I know you've got "performance regressions on CI" but I think we should be explicit with respect to our "showcase" graph type, especially as it's the one that's being used by critical packages.

Also also: we should incorporate our development guidelines in there. Binary dependencies are one thing, but so are other package dependencies. If it's going into the core LightGraphs codebase, it should still minimize any external dependence. (My initial thought, btw, is to have the concrete implementation of any graph abstractions be separate packages; that way you do something like "using LightGraphs; using DictGraphs" or something like that. This idea is completely preliminary and not at all well-formed.)

jpfairbanks commented 7 years ago

(My initial thought, btw, is to have the concrete implementation of any graph abstractions be separate packages; that way you do something like "using LightGraphs; using DictGraphs" or something like that. This idea is completely preliminary and not at all well-formed.)

What if we made each implementing type a submodule of LG?

using LightGraphs
using LightGraphs.DictGraphs

g = DictGraph()
add_edge!(g, i,j)
set_property!(g,i,j,:weight, 3)
sbromberger commented 7 years ago

What if we made each implementing type a submodule of LG?

There are definitely advantages to that route, but I think there may be some disadvantages (both from organizational and maintainability perspectives):

1) Organizational: if we use separate repos, then we can have separate maintainers for that code. 2) Maintainability: if we use separate repos, then people who don't want/need a particular set of abstractions don't have to load them.

Shrug. It might be less complicated to roll in submodules. I'm not particularly swayed either way.

On the plus side, that's a really elegant interface you've sketched out for DictGraphs :)

jpfairbanks commented 7 years ago

I am bringing my experience with microrepos into this decision. I think we should design things in a way to support either multiple implementations in a single package, but also more than one package that provides implementations.
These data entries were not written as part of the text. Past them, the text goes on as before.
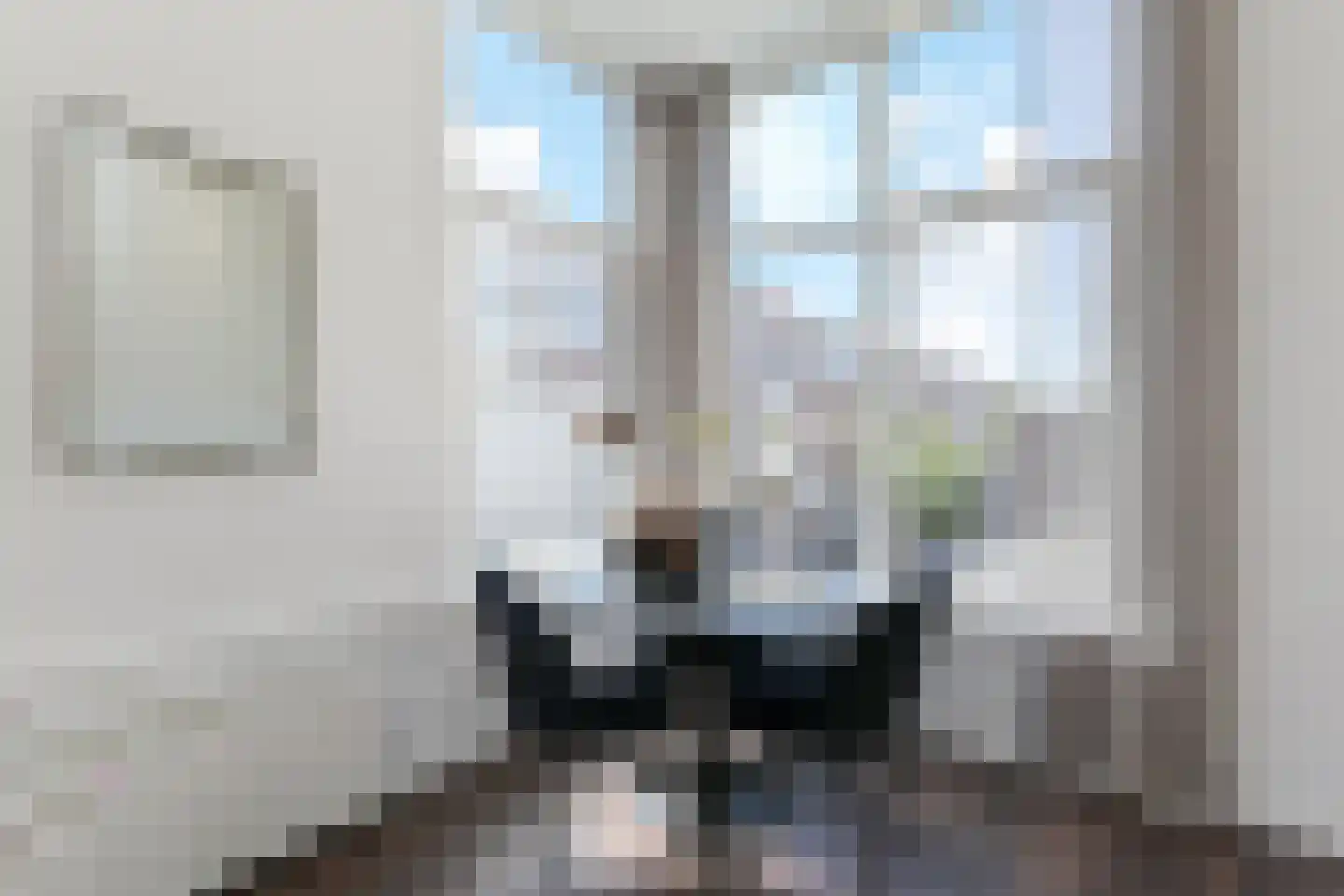 Frederik Ruyschstraat 67 Den Haag thumbnail 8
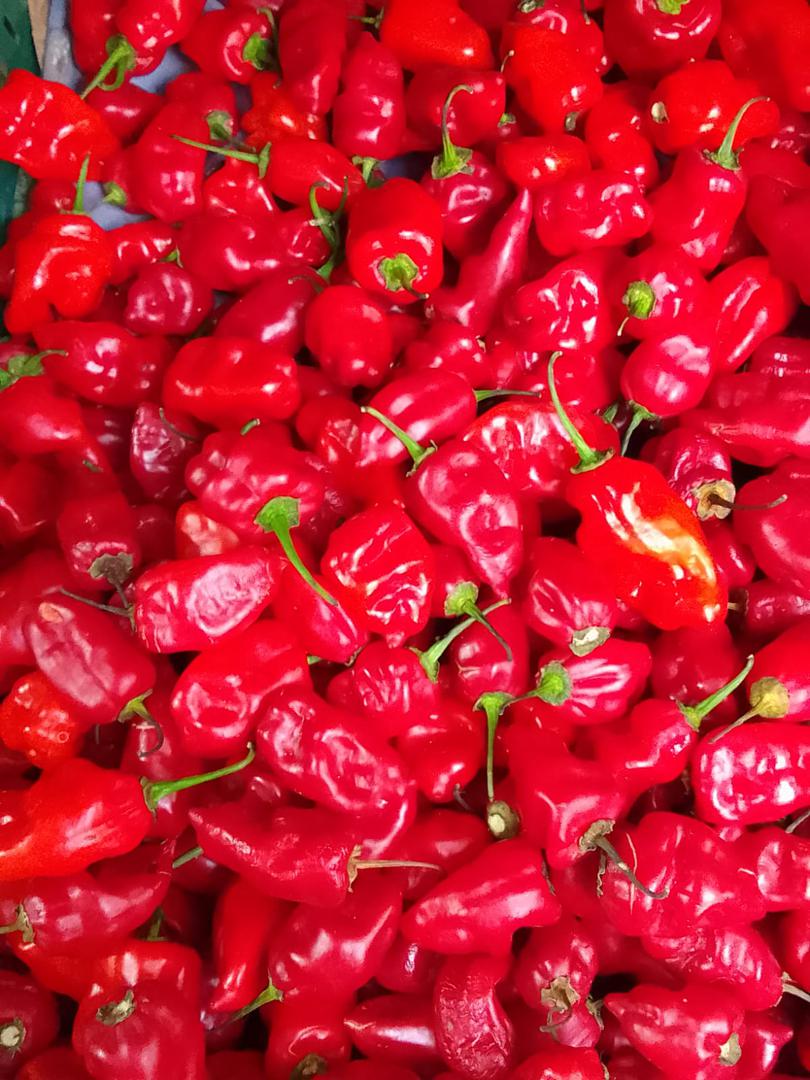 Aji Dulce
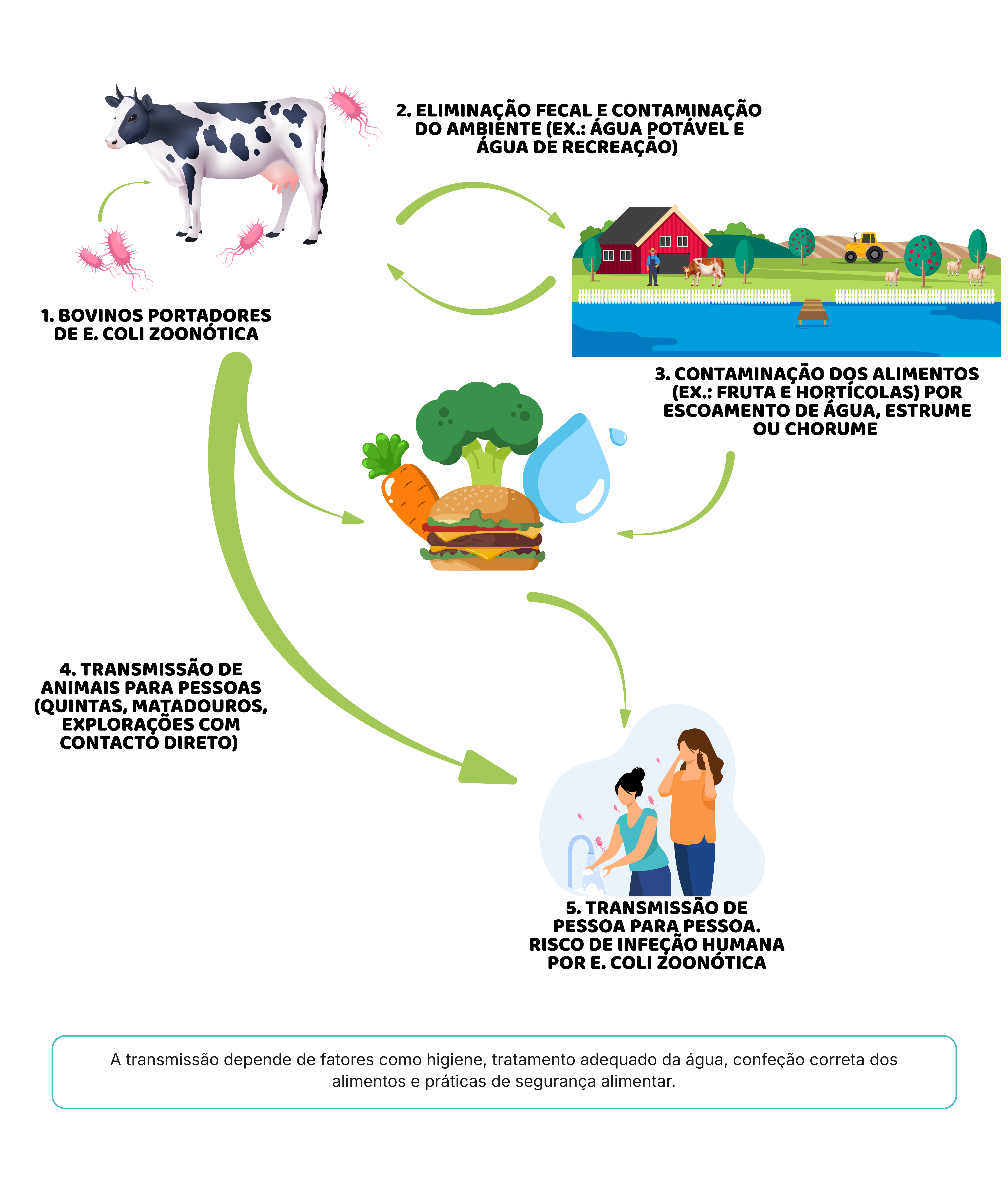 Conservação: onde pequenas distrações trazem grandes riscos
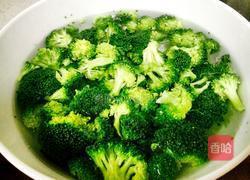 蒜蓉西兰花的做法图解1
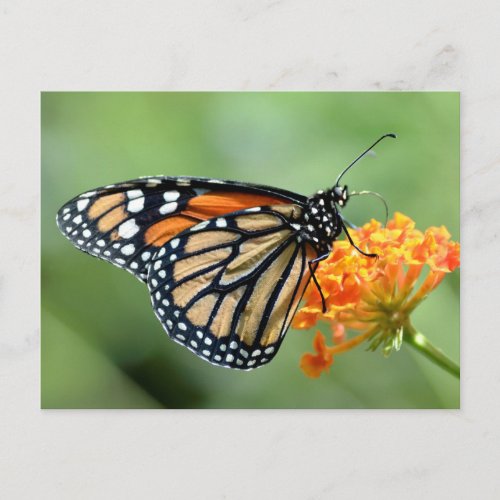 Monarch butterfly feeding on flower postcard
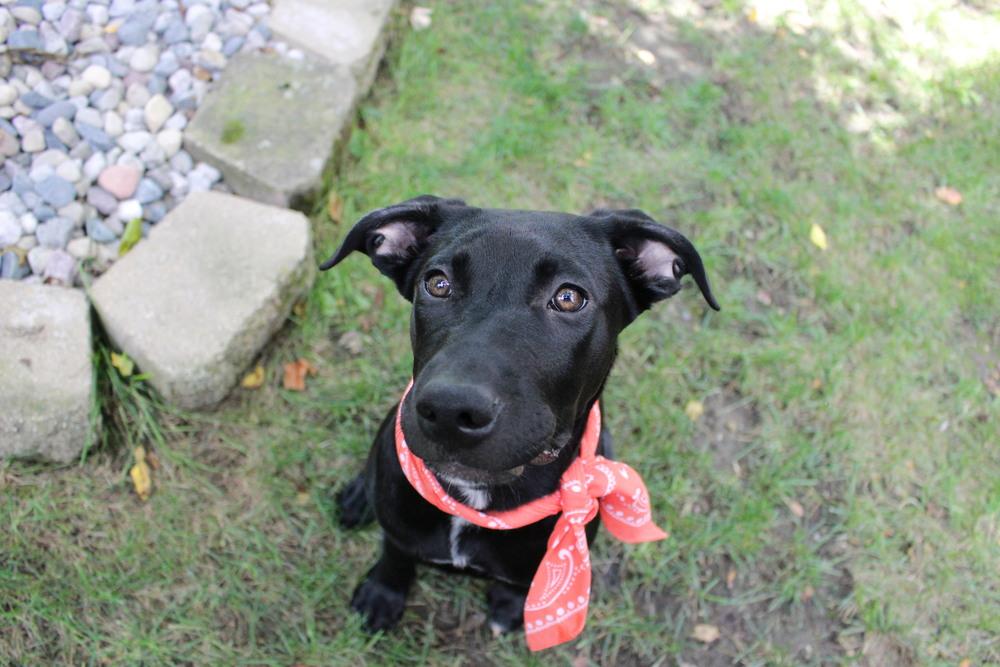 Enlarge Oona (26-155 D), a Adoptable mixed breed in Lansing, MI image 2/6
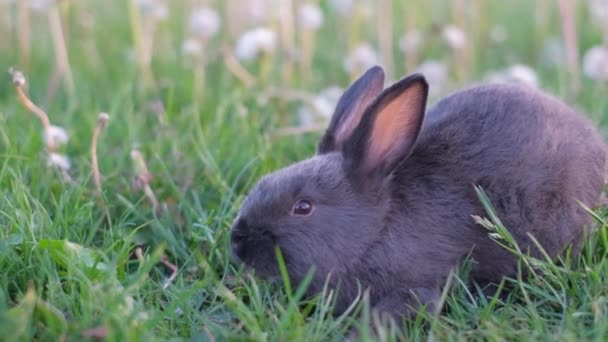 Дорослий Чорний Кролик Сидить Зеленій Траві Яскравий Літній День Їсть — стокове відео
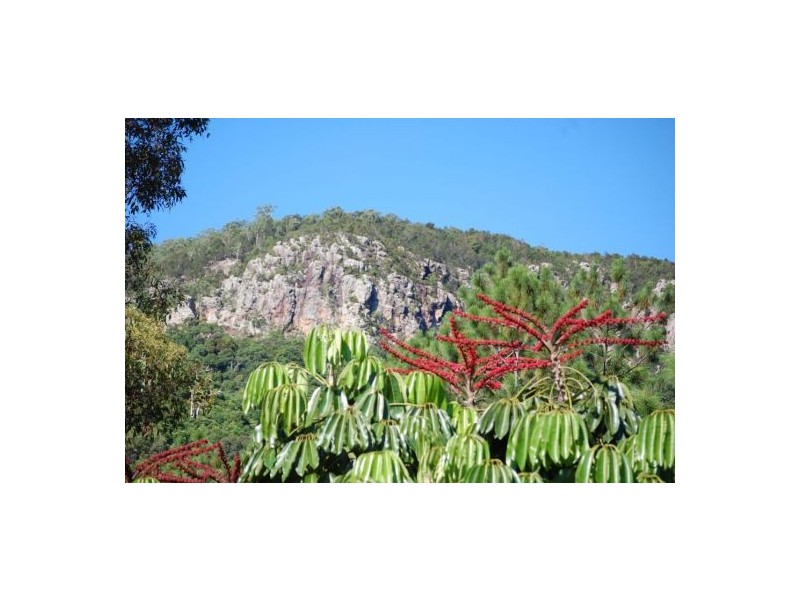 14 Forest Court, Yandina QLD 4561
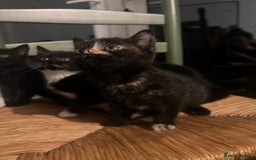 Mixed Breed cats for sale: Bengal Mix- Ready! 4/6 left  - Image 3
If we say that each implementation must be in its own module, but not necessarily its own package, then we can get the best of both worlds, and maximize the freedom of other developers.

sbromberger commented 7 years ago

If we say that each implementation must be in its own module, but not necessarily its own package, then we can get the best of both worlds, and maximize the freedom of other developers.

I like this approach the more I think about it. What it would allow us to do is to create (similar to Julia itself) a "base" package, into which mature, stable, and common abstractions could be placed. Newer / experimental abstractions could remain as separate packages until such time as they become fully-formed and useful to some larger group, when they would be migrated to a submodule within LightGraphs.jl.

Thoughts on this idea?

jpfairbanks commented 7 years ago

Yeah let's do it.

sbromberger commented 6 years ago

Closing this out since it looks like our current approach - separate modules for graph types - is working reasonably well and our need for C4 seems to be on hold.